Entries below include pictures. Output exactly the lines from the one with "What's happening is" down to the one with "Hello. My name", both ends included, and leave the pictures out.
*** DATA TO PROCESS
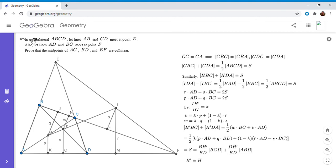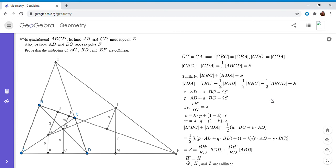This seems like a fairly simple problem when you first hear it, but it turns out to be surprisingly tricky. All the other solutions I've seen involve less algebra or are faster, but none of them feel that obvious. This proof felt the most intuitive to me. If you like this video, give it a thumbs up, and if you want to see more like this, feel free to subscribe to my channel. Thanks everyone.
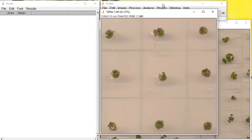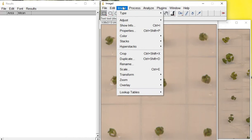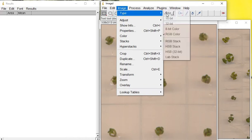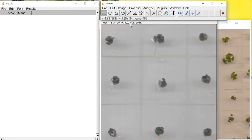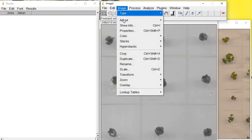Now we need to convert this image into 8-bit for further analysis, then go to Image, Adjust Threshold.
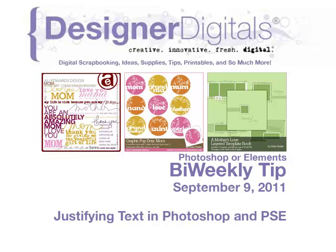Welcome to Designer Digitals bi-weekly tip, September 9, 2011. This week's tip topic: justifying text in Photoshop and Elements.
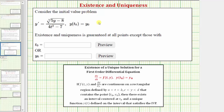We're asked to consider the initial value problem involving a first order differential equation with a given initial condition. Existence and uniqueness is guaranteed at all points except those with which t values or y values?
******
*** DATA TO PROCESS
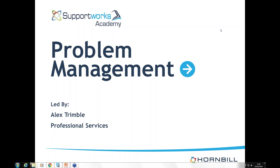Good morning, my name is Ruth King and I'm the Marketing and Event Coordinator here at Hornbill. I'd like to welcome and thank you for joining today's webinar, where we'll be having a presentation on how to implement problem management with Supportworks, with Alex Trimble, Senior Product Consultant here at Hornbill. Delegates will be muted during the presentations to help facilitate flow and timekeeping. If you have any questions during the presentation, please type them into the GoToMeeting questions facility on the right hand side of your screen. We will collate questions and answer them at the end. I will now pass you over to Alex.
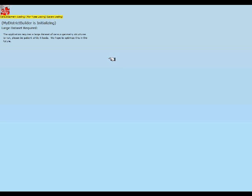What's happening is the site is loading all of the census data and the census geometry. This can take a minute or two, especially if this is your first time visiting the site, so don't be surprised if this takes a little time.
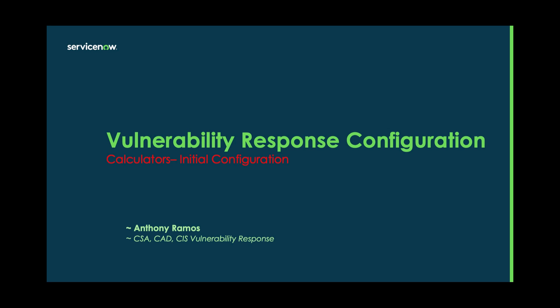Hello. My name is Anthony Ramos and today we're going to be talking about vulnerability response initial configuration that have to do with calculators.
******
§ **OUTPUT BELOW**:
What's happening is the site is loading all of the census data and the census geometry. This can take a minute or two, especially if this is your first time visiting the site, so don't be surprised if this takes a little time.
Hello. My name is Anthony Ramos and today we're going to be talking about vulnerability response initial configuration that have to do with calculators.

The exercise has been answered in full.